Segment Open

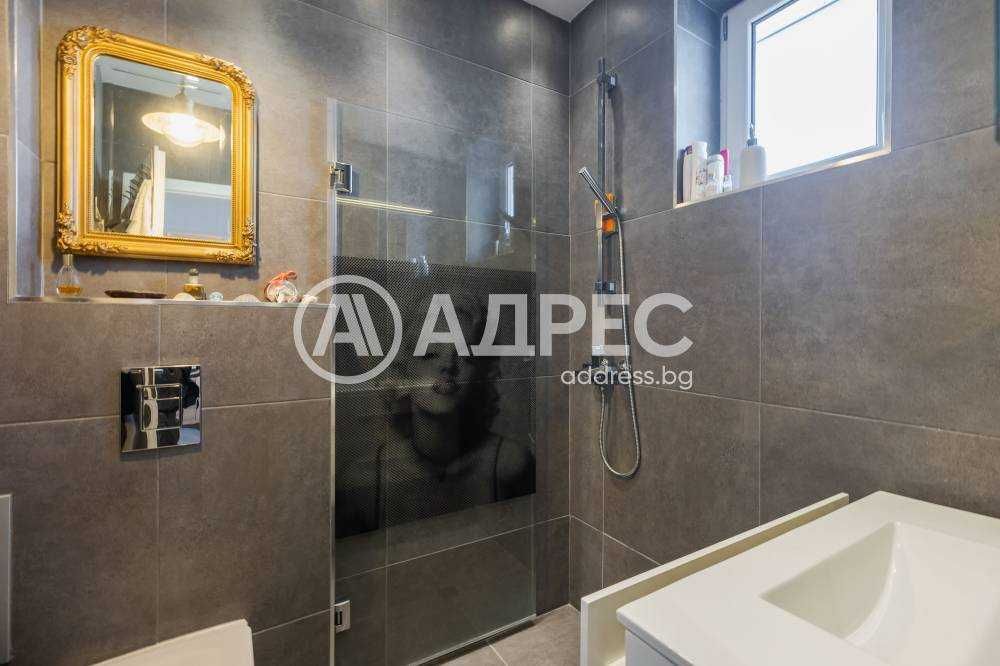 Продава се Двустаен апартамент в Варна, ЖП Гара - 60 кв.м за 2040 €/кв.м - Снимка #6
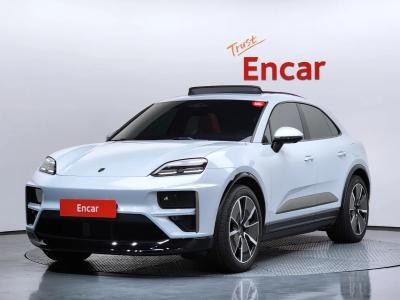 2025 Porsche Macan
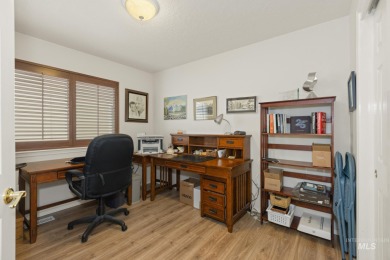 Freedom awaits! Come see this inviting single-level townhouse on Lakeview Golf Club in Idaho - for sale on GolfHomes.com, golf home, golf lot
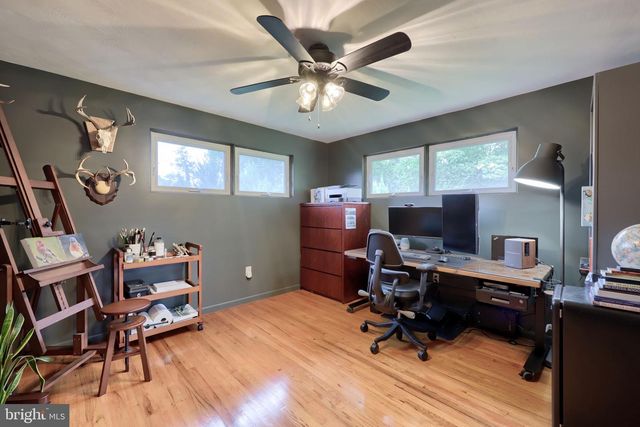 103 OAK KNOLL RD, New Cumberland, PA 17070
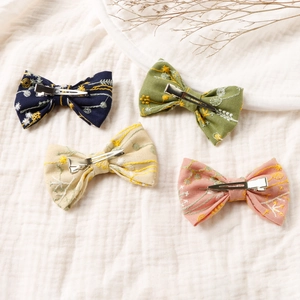 Lot de 4 barrettes à fleurs brodées en coton et lin aux couleurs pastel douces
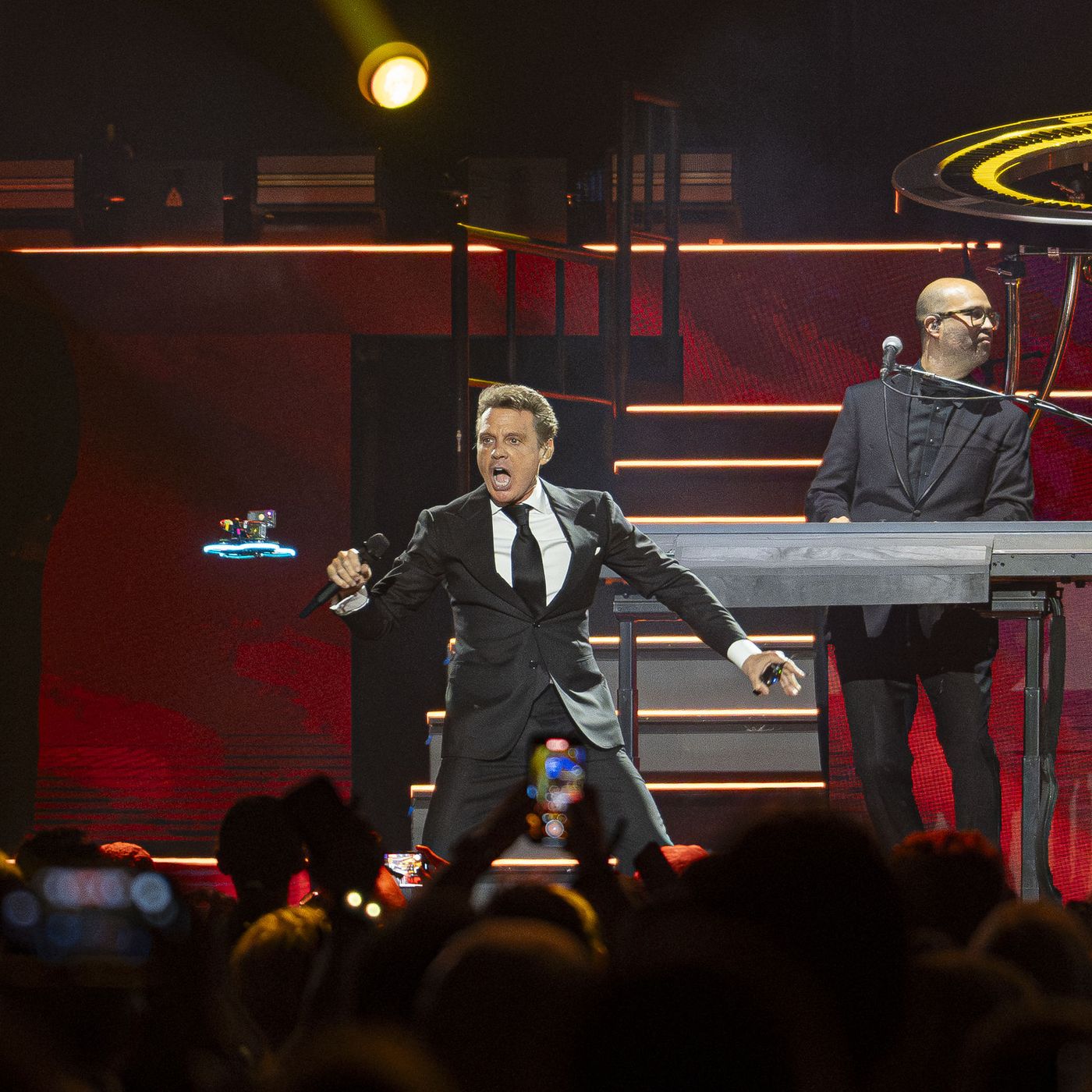 Crónica Rosa: 'Si Tú Te Atreves', la canción que cuenta el inicio del romance de Luis Miguel y Paloma Cuevas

Segment Closed

-- What to do --
Make an exact copy of the lines of the records from the line containing "Freedom awaits! Come" through the final line, both ends included, but not of the pictures.

-- Result for this exercise --
 Freedom awaits! Come see this inviting single-level townhouse on Lakeview Golf Club in Idaho - for sale on GolfHomes.com, golf home, golf lot
 103 OAK KNOLL RD, New Cumberland, PA 17070
 Lot de 4 barrettes à fleurs brodées en coton et lin aux couleurs pastel douces
 Crónica Rosa: 'Si Tú Te Atreves', la canción que cuenta el inicio del romance de Luis Miguel y Paloma Cuevas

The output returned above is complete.